- _WHAT IS BEING ASKED_: Pictures should not appear in the copy; the records themselves must be written out exactly.

━━━━━ DATA PROVIDED

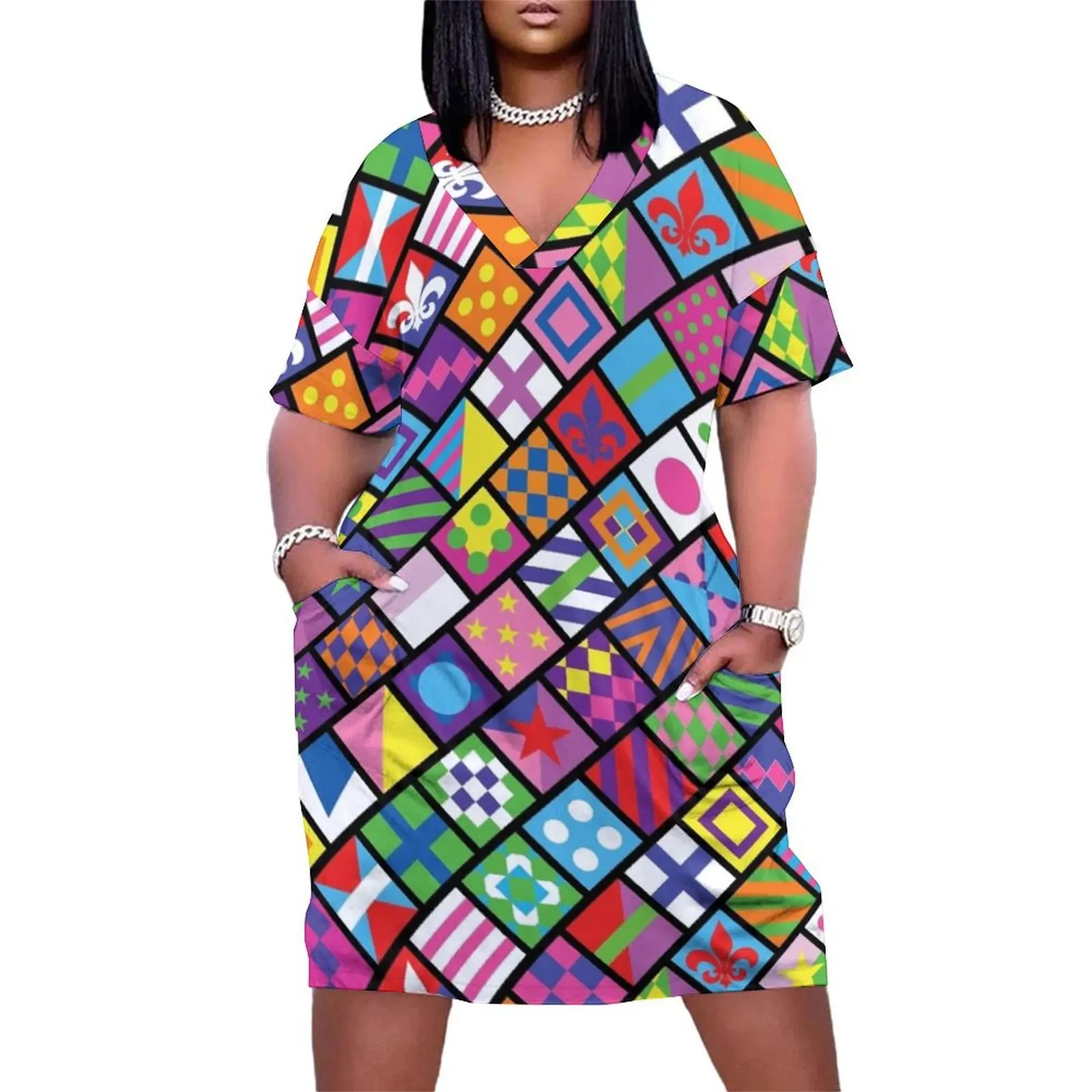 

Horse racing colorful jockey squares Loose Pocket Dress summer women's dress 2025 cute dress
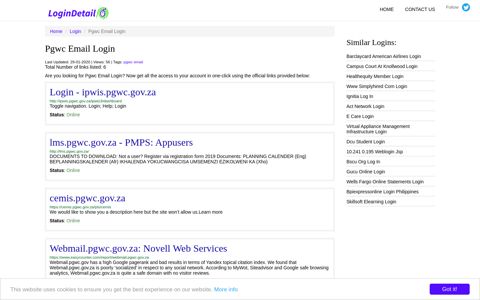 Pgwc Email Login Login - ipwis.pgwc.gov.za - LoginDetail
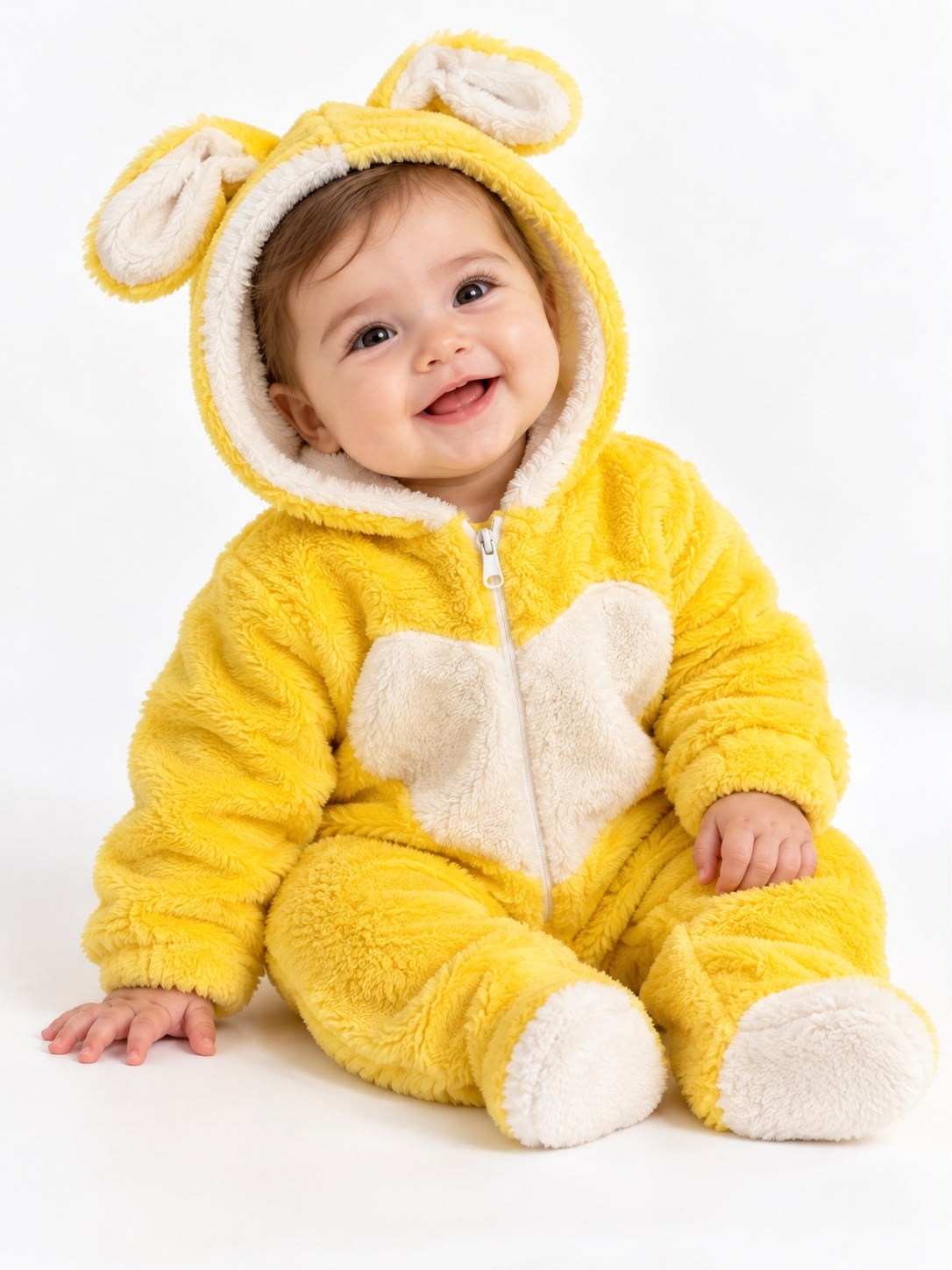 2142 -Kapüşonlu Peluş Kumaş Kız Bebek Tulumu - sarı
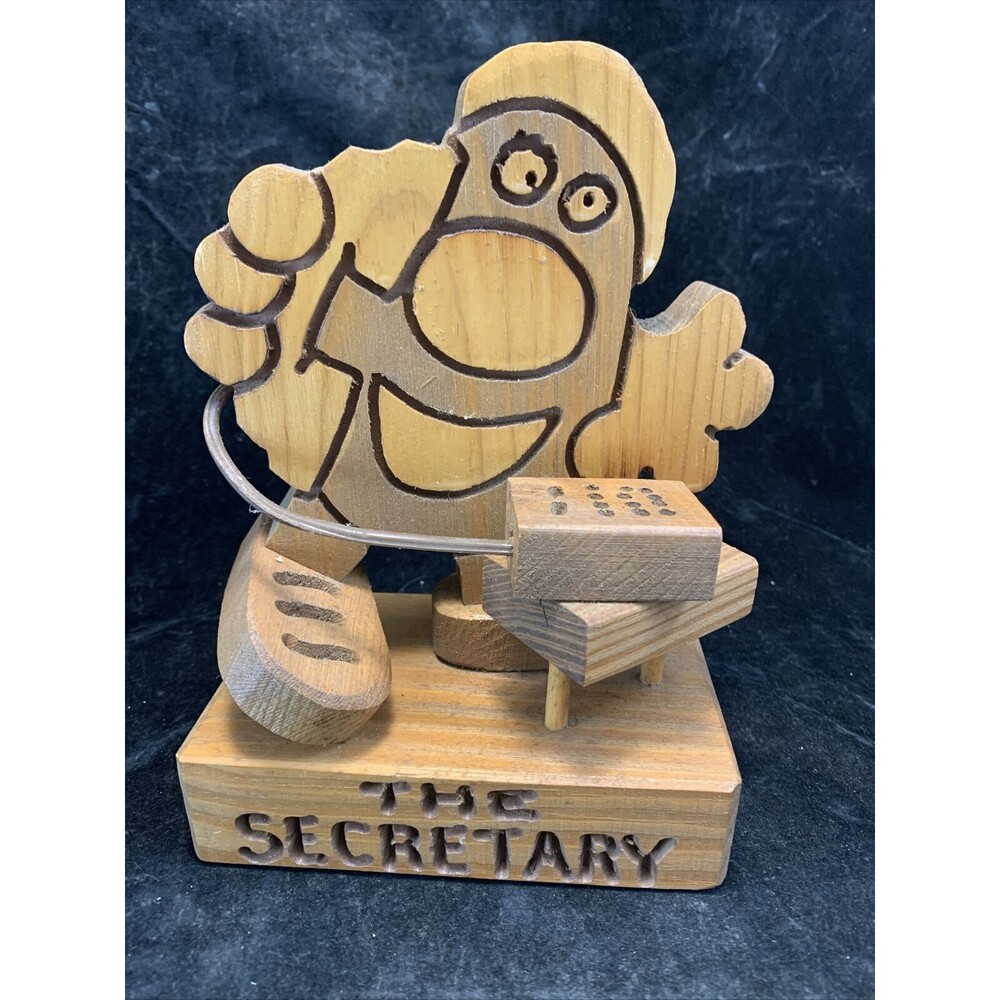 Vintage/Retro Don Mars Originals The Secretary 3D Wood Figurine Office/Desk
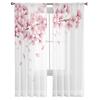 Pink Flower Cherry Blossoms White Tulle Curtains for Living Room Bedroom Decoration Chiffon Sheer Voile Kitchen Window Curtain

━━━━━━━━━━

- _EXERCISE RESULT_:
Horse racing colorful jockey squares Loose Pocket Dress summer women's dress 2025 cute dress
 Pgwc Email Login Login - ipwis.pgwc.gov.za - LoginDetail
 2142 -Kapüşonlu Peluş Kumaş Kız Bebek Tulumu - sarı
 Vintage/Retro Don Mars Originals The Secretary 3D Wood Figurine Office/Desk
 Pink Flower Cherry Blossoms White Tulle Curtains for Living Room Bedroom Decoration Chiffon Sheer Voile Kitchen Window Curtain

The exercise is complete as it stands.